Fantasy, on the other hand, has all sorts of tropes and traditions that do not translate well to film. Monsters look good with the right FX, but magic, especially as used in fantasy, frequently does not. Magic is central to a lot of fantasy, and to The Wheel of Time in particular. The Wheel of Time has far more magic than The Lord of the Rings or A Song of Ice and Fire.
Some of the use of the One Power from The Wheel of Time will be easy to show. Moiraine hurling fireballs at Trollocs. Stuff like her healing Tam will be easy to follow by context. Other sequences will present much greater challenges. How do you show a duel with the One Power between Nynaeve and Moghedien that to anyone who isn’t a female channeler just looks like two women staring at each other? You probably don’t, instead turning it into a more usual sort of magical battle. This isn’t an easily surmounted issue, but I think it’s better to make changes as necessary and to let the visual effect of the flows, the characters, and the context tell what is happening rather than try for any visual representation of the flows (a little trust for the viewer will go a long way). Frequently a visual representation wouldn’t get you where you need to be anyway. It wouldn’t explain just what Nynaeve and Moghedien are doing. When Rand is captured, there is simply no way to show him attacking knots on his shield. You show the Aes Sedai holding the shield getting distracted, and let the viewer listen to the dialogue between Rand and Lews Therin in his head.
There are other choices Jordan made that work on the page but won’t on the screen. The Aes Sedai ageless face—which is a pretty important plot point at times—is described as basically a face lift. We’re pretty used to simply accepting that as normal. Does the Myrddraal’s cloak not blowing in the wind look creepy as hell or does it look like a mistake?

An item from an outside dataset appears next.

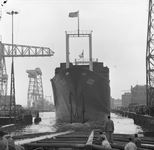 46078 Kon. Mij. De Schelde, tewaterlating op 21 januari 1967 van het visverwerkend koelschip Zodiak, bouwnummer 332. ...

Back to the nudity/violence issue, while I’m on the topic of adaptation. A streaming service will hopefully give the producers more flexibility to ratchet the violence and nudity up or down as needed by the story. HBO execs might insist on the early seasons being bloodier than they should be. Network TV execs might balk at later violence. Dumai’s Well should be gory and shocking. Shocking in part because it’s more violent than anything we’ve seen up to that point.
Final thoughts. I have some more thoughts on adapting the series, and the show in general, but I will leave it at this for now. This is a big deal. The Wheel of Time is the biggest thing in fantasy since The Lord of the Rings. I believe it has still outsold A Song of Ice and Fire. But that won’t last without a screen adaptation. Take a look at the Barnes and Noble bestseller lists. They are dominated by books that have been adapted for a movie or for TV. How we think about The Wheel of Time in fifty years will be driven in large part by the success or lack thereof of this adaptation.